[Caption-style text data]
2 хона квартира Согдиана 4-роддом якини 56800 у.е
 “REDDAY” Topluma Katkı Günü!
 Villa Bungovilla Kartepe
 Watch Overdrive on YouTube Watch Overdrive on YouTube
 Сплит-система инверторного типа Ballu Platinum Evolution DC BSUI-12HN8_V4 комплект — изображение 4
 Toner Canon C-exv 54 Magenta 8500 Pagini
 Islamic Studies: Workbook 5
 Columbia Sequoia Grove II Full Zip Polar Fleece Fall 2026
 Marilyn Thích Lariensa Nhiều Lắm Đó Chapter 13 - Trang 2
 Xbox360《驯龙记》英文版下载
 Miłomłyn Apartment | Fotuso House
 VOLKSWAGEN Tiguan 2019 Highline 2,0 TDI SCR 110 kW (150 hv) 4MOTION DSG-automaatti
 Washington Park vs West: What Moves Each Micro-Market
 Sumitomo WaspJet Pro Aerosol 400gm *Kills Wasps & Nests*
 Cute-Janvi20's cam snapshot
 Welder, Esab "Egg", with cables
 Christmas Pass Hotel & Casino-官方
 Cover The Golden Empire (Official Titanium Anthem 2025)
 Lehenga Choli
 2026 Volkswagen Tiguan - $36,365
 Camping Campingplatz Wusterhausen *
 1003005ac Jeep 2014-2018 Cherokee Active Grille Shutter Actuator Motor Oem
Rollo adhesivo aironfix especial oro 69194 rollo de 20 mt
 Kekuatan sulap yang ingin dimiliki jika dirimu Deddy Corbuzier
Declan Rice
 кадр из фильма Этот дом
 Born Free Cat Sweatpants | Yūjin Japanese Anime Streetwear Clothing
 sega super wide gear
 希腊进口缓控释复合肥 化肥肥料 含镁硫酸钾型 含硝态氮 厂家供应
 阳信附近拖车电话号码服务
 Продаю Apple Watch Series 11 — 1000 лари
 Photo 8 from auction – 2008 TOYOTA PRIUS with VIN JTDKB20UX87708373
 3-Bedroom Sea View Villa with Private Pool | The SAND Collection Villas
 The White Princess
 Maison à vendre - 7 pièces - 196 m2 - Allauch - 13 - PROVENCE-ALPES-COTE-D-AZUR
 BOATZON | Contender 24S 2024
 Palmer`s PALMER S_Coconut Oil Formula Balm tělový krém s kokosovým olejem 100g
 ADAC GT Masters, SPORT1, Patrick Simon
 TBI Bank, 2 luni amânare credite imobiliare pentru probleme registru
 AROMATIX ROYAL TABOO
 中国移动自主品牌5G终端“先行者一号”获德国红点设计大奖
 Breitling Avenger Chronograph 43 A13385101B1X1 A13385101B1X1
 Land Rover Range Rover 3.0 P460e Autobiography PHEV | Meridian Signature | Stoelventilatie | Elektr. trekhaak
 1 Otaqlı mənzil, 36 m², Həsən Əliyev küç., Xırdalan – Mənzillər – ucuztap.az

* TASK OBJECTIVE *
Output, please, only the lines running from the start of the entries through the line that contains "2026 Volkswagen Tiguan - $36,365", including both of those lines.

* YOUR SOLUTION *
2 хона квартира Согдиана 4-роддом якини 56800 у.е
 “REDDAY” Topluma Katkı Günü!
 Villa Bungovilla Kartepe
 Watch Overdrive on YouTube Watch Overdrive on YouTube
 Сплит-система инверторного типа Ballu Platinum Evolution DC BSUI-12HN8_V4 комплект — изображение 4
 Toner Canon C-exv 54 Magenta 8500 Pagini
 Islamic Studies: Workbook 5
 Columbia Sequoia Grove II Full Zip Polar Fleece Fall 2026
 Marilyn Thích Lariensa Nhiều Lắm Đó Chapter 13 - Trang 2
 Xbox360《驯龙记》英文版下载
 Miłomłyn Apartment | Fotuso House
 VOLKSWAGEN Tiguan 2019 Highline 2,0 TDI SCR 110 kW (150 hv) 4MOTION DSG-automaatti
 Washington Park vs West: What Moves Each Micro-Market
 Sumitomo WaspJet Pro Aerosol 400gm *Kills Wasps & Nests*
 Cute-Janvi20's cam snapshot
 Welder, Esab "Egg", with cables
 Christmas Pass Hotel & Casino-官方
 Cover The Golden Empire (Official Titanium Anthem 2025)
 Lehenga Choli
 2026 Volkswagen Tiguan - $36,365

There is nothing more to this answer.